4.    It’s Better To Be Early Than Late

Respect other people’s time. When you’re meeting your boss, show up five to ten minutes early so that they aren’t waiting for you. Get to the movie theater a few minutes early to get seated and situated before the movie starts. This way, you’re not interrupting the view for others. Everyone is busy these days. Always RSVP promptly and then follow through by showing up for the events that you commit to.

5.    Watch Your Language!

Cursing isn’t the faux pas it once was, but it’s still important to watch what you say. If you wouldn’t want your grandma or six-year-old niece to hear it, don’t say it in polite company. Foul language can offend people, but it can also depend on the context. It might be completely appropriate in the locker room after you’ve lost a game, but you shouldn’t swear in the office with your coworkers. Profanity is lazy, and in some cases, it can cause you to come across as ignorant.

6.    Monitor Your Volume in Quiet Environments

Use indoor and outdoor voices appropriately. In the theater or at a wedding, if you must talk, do so in a low voice. Don’t disturb others. At networking events, you may need to project your voice a little more to make sure the other person can hear you. Think about the venue and atmosphere before responding.

7.    Cell Phones, Social Media and Internet Use

Cell phones are ubiquitous these days. As such, it’s necessary to choose the proper time and place to use them. Does everyone in line at the store need to hear your conversation? If you can step out to a private place or wait to answer that call, do so. Silence your phone when you’re in public places or at work so you don’t disturb your colleagues. Not only is it good manners, but it will make you more productive.

On social media, don’t immediately react or respond to snarky messages. Remember that you may not be fully understanding the context or tone of the message because emotions cannot be conveyed adequately through words on a screen. Just be nice in your own communication, whether on Facebook, Twitter or email. You’re only responsible for what you say and how you respond. For that reason, it’s almost always best to wait a day before responding to emotionally-charged content.

8.    Dress For the Occasion

Know the dress code for the event that you’re attending. Black tie weddings require different attire than beach formal weddings. If you’re not sure, ask the host or organizer. Professional events may call for business attire, business casual or informal. You’ll feel more comfortable when you’re not over- or under-dressed.

Even though your neighbor might wear their pajamas to the grocery store, that doesn’t mean you should look like you’re just getting out of bed. Put some effort into your wardrobe, even for a trip to the gas station. You never know who you might run into.

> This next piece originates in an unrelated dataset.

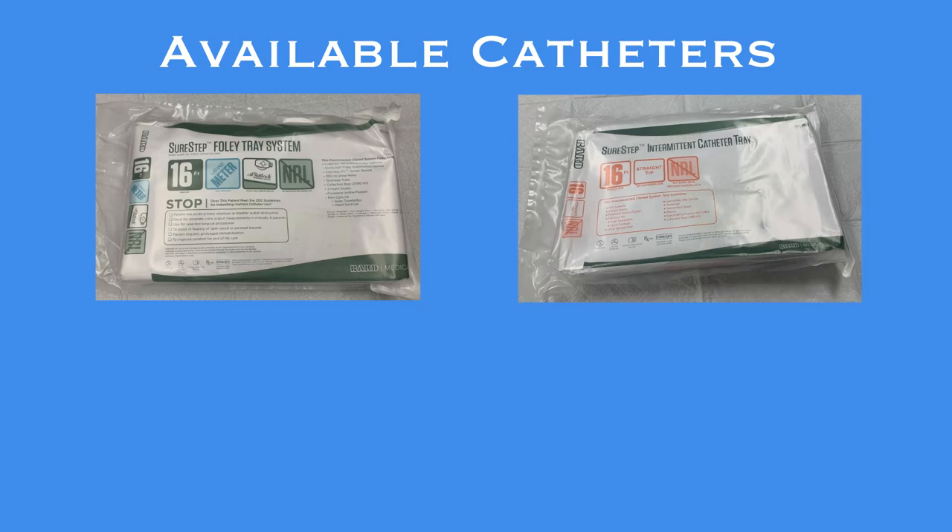New products and kits are available. This includes improvements to both the Foley catheter and straight catheterization kits. They are both from the BARD SureStep line of procedure trays, which are designed to help ensure sterile insertion of these devices, and are a marked improvement over kits we have utilized in the past.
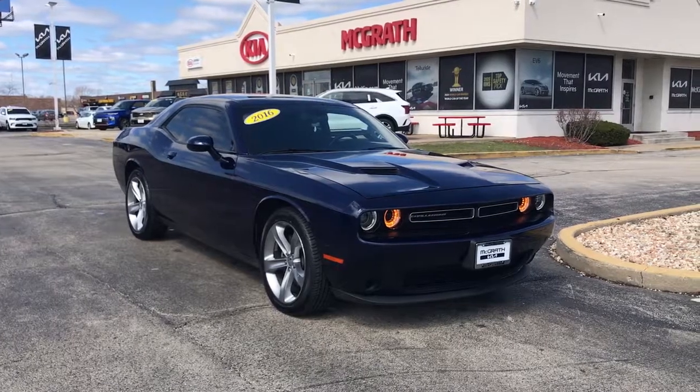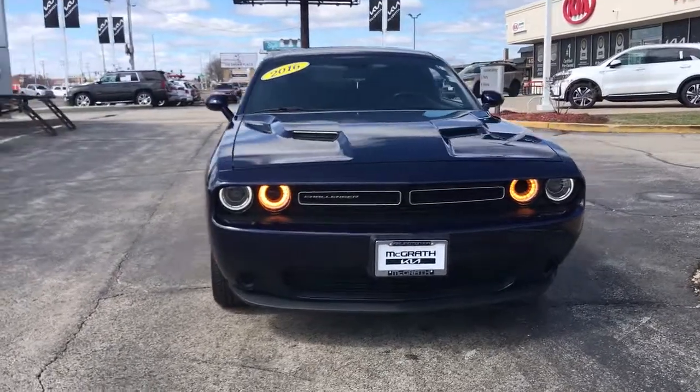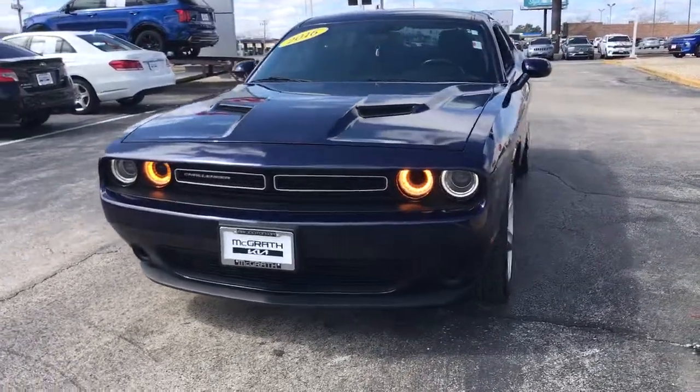You will love the features of this 2016 Dodge Challenger. This vehicle still has fewer than 70,000 miles on the clock, so it won't last long.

Follow These Rules to Make a Great Impression

When in doubt, look to someone you trust. Ask the host before bringing a guest not on the invitation. Call up the hostess and ask about the dress code. Watch a trusted mentor at a dinner to see how they act. Read up on good manners for different situations.

What do you do when you make a faux pas? Apologize as soon as you learn of it. Saying that you’re sorry goes a long way toward remedying your mistakes. You don’t have to be perfect to have good manners, you just need to respect the feelings and boundaries of those around you.